### ASSIGNMENT
In the data below, set down exactly the lines from the one containing "A woman in a" up to and including the one containing "Some guys posing". Leave the pictures out.

### EXERCISE INPUT

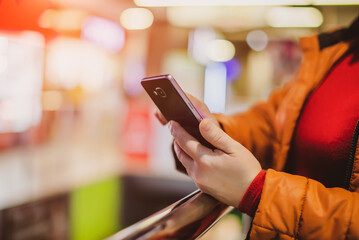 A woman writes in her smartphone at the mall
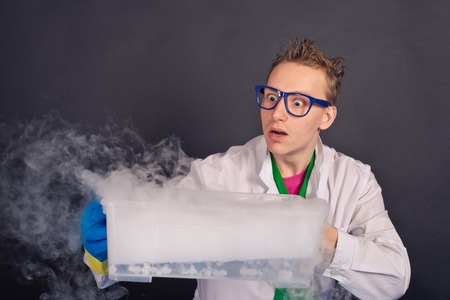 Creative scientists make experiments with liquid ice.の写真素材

...

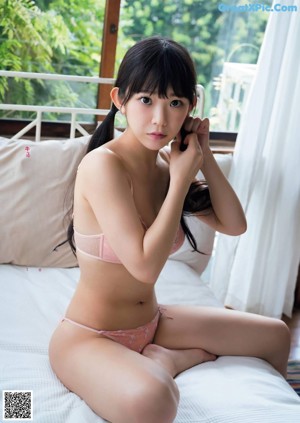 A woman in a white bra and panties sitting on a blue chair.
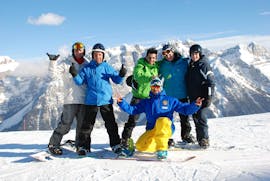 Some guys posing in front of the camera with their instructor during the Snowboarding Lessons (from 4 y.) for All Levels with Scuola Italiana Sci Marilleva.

### TASK RESULT
 A woman in a white bra and panties sitting on a blue chair.
 Some guys posing in front of the camera with their instructor during the Snowboarding Lessons (from 4 y.) for All Levels with Scuola Italiana Sci Marilleva.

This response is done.